There was a myth many moons ago that the Vox TB tonestack was copied from an old Gibson design (GA-70 IIRC). The evidence for the theory was that a supposed error in the Gibson diagram (actual amp wiring differing from factory diagram) was carried over to the TB tonestack. The claimed "error" was the grounding of the bottom leg of the 1M bass control pot. It was also said that the "error" was the main reason for the interaction between the bass/treble controls of that AC30 TB tonestack - ie the last 10% rotation of the bass control causing a heavy dip in the mid range etc.

I think the error myth has since been buried. The grounding of the bass pot was indeed part of the intended design. However, for a couple of reason, I've been led back on the subject and I wonder about a couple of things:
1) would the tonestack/bass control work at all (to any useability) if the bottom leg of the bass 1M was not held to ground (there's still the 10k resistor)?
2) is the well known treble/bass interaction due to the bass pot grounding at all or is that just another myth?

Unfortunately Duncan's TSC doesn't have the ability to simulate the 1M bass pot disconnected from GND.



Any thoughts from people more knowledgable than me would be appreciated. Thanks.





Bill Mountain

You could raise the bass pot to something like 10M and only use the first 10% of the rotation.

Or go here to create simple sims: falstad.com/afilter

lion

Thanks Bill
I guess raising the bass pot to 10M would simulate close to a ground disconnect  8)

I'm trying to understand the theory of how the complete TB tonestacks works, but I have a hard time wrapping my head around exactly what does what in the circuit and what causes the t-b interaction. Time for more study and read up.

Erik

lion

#3
Quote from: Bill Mountain on September 18, 2015, 08:24:17 AM
You could raise the bass pot to something like 10M and only use the first 10% of the rotation.

Spent a bit of time Duncan's Tonestack Calculator setting the bass pot value as 10 megaohms, and only using the first 10% of the available pot rotation.

Below are the resultant plots from Duncan's TSC for comparison. I've chosen 5 settings of the treble/bass pot - identical in both plots - giving 5 response curves in each plot.

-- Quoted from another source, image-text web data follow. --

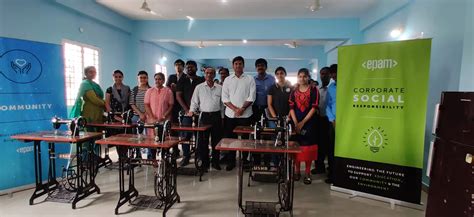 About Us | EPAM India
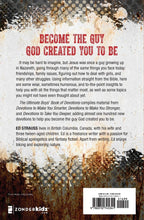 Load image into Gallery viewer, The Ultimate Boys&#39; Book of Devotions: 365 Daily Devotions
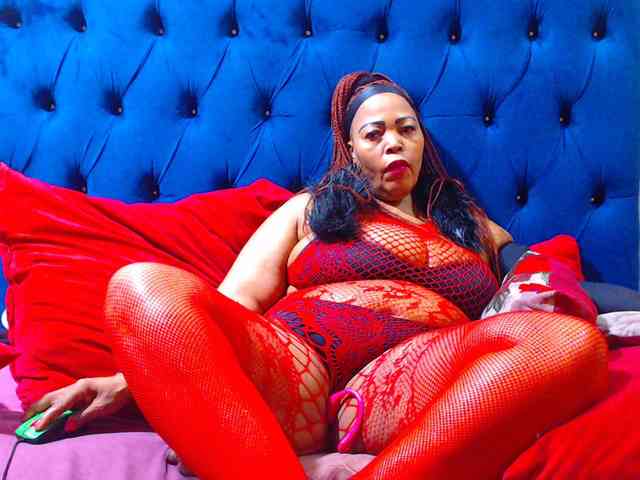 Modèle: Ebonycandy10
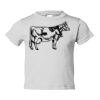 Toddler Cotton Jersey Tee Thumbnail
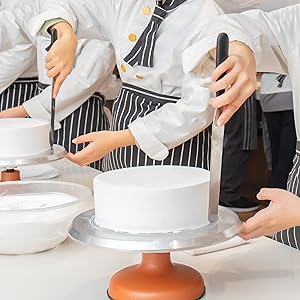 Silicone Baking Mats Half Sheet Non-Stick Cookie Sheet for Baking Silicon Baking Mat Set (12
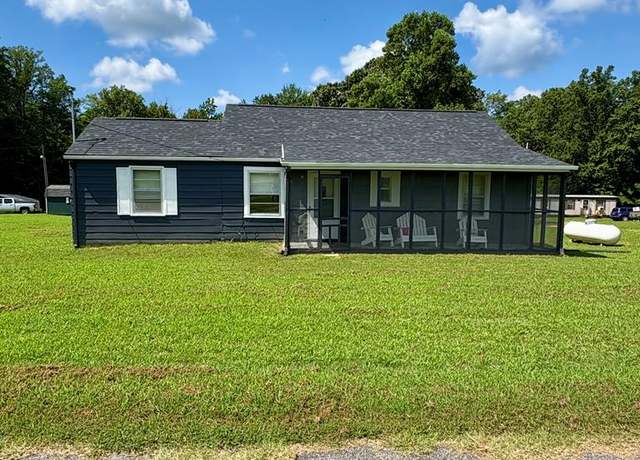 Property at 5928 Whitmell School Rd, Danville, VA 24540, 3 beds, 1 bath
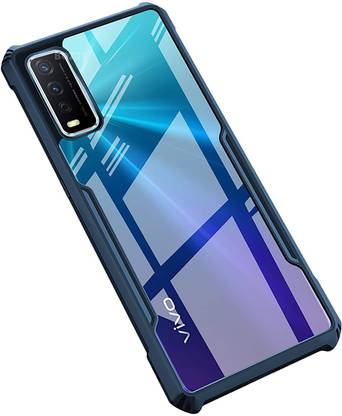 Bozti Back Cover For Vivo Y12s Vivo Y20 Vivo Y20i Bozti Flipkart Com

To the left for the standard/correct tonestack with the lower leg of the bass pot at GND, and to the right for the "disconnected ground" circuit version.

The 5 combinations of bass/treble settings are:
A: bass MAX - treble MAX
B: bass MIN - treble MIN
C: bass MAX - treble MIN
D: bass MIN - treble MAX
E: bass 50% - treble 50%


It's clear that the plots for the B+D+E settings seems pretty close in both circuit versions (bass pot grounded or not), but A+C shows substantial differences.
To answer my own questions: The stack will work with the bass pot not grounded, but the "mid sucking quirk" only happens to the full degree with the bass pot grounded.

EDIT:
I also notice that with the bass pot disconnected from GND the HF from about 5kHz keeps flat even with the treble at MIN.